Thu. Nov 14th, 2019

Microsoft refused to fix the Windows 10 Mobile security feature bypass vulnerability

1 min read

Microsoft acknowledges a security vulnerability on Windows 10 Mobile that “allows a user to access files and folders through the locked screen“. The good news is that the vulnerability only exists when Cortana is enabled on the lock screen, but the bad news is that Microsoft said it will not fix the vulnerability.

Windows zero day flaws

Microsoft said:

An attacker who successfully exploited this vulnerability could access the photo library of an affected phone and modify or delete photos without authenticating to the system.

However, to exploit this vulnerability, the attacker needs physical access to the phone and needs to Cortana is enabled on the lock screen. This vulnerability exists in all Windows 10 Mobile, but Microsoft said there is no evidence that hackers exploit the vulnerability to steal data.

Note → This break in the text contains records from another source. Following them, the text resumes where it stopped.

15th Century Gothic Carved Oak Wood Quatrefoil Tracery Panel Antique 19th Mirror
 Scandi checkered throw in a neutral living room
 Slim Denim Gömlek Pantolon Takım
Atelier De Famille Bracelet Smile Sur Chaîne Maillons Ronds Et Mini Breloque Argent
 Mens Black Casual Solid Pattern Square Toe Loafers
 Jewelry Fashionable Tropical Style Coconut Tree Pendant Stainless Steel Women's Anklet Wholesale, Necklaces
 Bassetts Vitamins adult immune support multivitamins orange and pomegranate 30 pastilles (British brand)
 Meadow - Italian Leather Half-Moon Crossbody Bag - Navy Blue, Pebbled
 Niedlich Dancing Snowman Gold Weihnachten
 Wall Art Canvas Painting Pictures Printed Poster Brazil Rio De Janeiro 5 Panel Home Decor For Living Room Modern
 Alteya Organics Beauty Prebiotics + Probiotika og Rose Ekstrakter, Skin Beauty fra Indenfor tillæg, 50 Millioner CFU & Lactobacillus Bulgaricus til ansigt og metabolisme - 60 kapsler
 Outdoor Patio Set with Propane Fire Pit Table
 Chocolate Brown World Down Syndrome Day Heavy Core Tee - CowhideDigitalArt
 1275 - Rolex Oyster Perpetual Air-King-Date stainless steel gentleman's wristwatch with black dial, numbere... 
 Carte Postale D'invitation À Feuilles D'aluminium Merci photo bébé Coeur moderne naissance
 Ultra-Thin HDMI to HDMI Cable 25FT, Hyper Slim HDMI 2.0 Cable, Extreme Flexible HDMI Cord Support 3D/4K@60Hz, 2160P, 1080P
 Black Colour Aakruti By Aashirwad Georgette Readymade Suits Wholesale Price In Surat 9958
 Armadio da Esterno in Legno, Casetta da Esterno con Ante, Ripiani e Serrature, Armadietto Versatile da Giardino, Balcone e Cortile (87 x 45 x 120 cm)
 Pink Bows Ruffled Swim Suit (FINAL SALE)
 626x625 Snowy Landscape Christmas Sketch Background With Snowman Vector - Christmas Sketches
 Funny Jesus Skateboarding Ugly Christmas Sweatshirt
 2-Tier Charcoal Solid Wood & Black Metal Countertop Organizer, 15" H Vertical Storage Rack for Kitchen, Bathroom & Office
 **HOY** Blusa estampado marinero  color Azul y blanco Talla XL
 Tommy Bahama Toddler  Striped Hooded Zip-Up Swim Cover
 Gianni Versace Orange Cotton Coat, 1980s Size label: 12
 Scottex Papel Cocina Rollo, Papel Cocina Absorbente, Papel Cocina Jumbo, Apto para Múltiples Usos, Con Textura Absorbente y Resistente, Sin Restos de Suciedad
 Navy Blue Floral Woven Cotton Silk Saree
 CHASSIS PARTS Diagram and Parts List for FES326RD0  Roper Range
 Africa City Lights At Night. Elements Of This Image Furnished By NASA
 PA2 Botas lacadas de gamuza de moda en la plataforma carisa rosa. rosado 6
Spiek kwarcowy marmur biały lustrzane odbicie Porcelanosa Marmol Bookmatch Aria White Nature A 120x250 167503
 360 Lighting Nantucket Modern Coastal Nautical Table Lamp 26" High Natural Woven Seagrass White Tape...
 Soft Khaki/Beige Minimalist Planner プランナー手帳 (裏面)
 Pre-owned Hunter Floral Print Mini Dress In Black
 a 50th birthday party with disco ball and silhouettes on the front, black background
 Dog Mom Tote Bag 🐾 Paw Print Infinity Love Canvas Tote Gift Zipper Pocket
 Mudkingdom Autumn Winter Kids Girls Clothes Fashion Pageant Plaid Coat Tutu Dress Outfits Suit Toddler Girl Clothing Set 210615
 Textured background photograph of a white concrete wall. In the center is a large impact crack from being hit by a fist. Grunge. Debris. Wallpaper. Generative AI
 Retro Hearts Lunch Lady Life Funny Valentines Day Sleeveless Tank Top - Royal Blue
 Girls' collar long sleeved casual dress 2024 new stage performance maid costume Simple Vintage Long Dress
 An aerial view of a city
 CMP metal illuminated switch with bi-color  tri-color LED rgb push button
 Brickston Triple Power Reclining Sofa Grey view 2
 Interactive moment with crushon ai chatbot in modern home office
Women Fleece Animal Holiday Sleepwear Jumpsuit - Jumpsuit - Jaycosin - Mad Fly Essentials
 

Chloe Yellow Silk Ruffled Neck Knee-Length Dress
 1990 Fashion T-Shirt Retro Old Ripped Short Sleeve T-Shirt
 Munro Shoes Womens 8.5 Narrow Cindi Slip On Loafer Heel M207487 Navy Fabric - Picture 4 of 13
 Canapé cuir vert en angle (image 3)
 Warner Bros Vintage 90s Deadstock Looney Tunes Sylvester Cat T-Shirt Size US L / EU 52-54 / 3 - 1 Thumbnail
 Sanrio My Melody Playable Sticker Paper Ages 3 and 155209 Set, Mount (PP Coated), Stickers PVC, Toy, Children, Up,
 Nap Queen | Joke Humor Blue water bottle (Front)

If you are still using Cortana, the only solution is to disable Cortana in a lock screen.

Microsoft provides the following steps to protect your phone:

  1. Open the Cortana app from the applications screen.
  2. Tap on the Menu button (3 horizontal bars) in the top left of the Cortana app.
  3. Tap on Settings option.
  4. Set the slider for the Lock Screen option to Off to prevent access to Cortana when the device is locked.